Jean Gallagher and James Kuiper, both CSU, Chico art professors since 1990, have recently returned from sabbatical. Robert Herhusky, Wei Hsueh, Masami Toku and Nanette Wylde are new or newly appointed tenure-track faculty in the art department.

“New/Re:new” reflects a new direction for the gallery’s biennial faculty exhibitions. In years past, CSU, Chico’s art department faculty exhibitions have featured one or two works by all current faculty members. In an alternative approach, a smaller group of faculty artists will be invited to exhibit a group of their works. This approach will provide viewers with a larger sampling of each artist’s work and allow for innovative curatorial themes.
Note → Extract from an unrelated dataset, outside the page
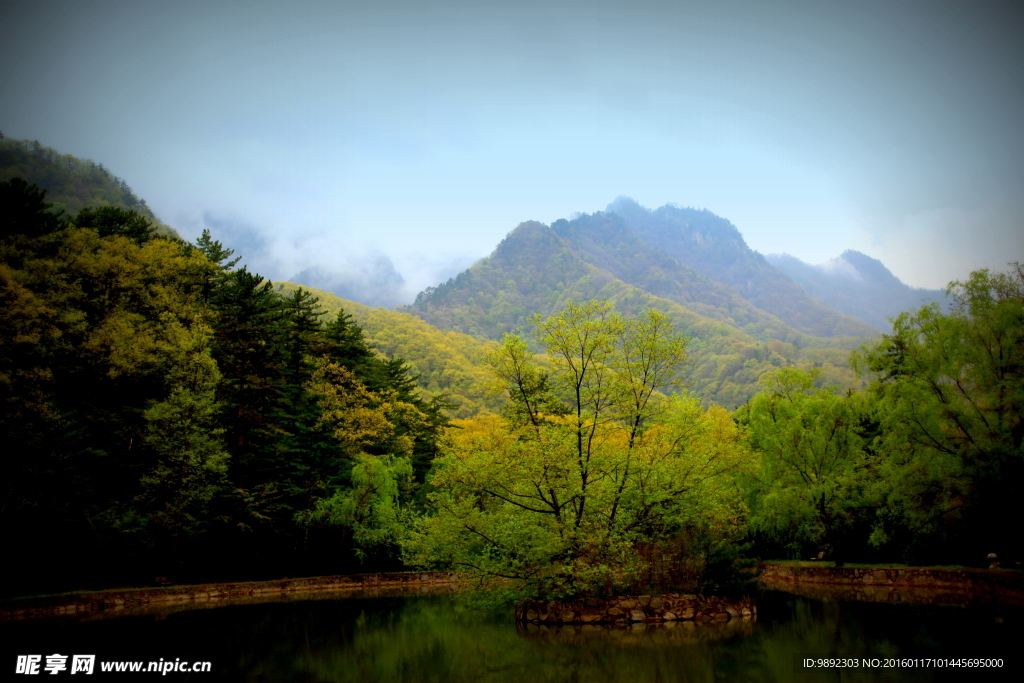 山水 湿地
The exhibition begins Feb. 23 and continues through March 16. A special end-of-exhibition reception will be held on Wednesday, March 15, 5-7 p.m. The artists will also show slides and discuss their work in a series of artist talks. The talks will take place at 2:15 p.m. in the gallery on the following dates: Gallagher: Thursday, March 2; Hsueh: Tuesday, March 7; Wylde: Wednesday, March 8; Herhusky: Monday, March 13; Kuiper: Tuesday, March 14; Masami Toku: Wednesday, March 15.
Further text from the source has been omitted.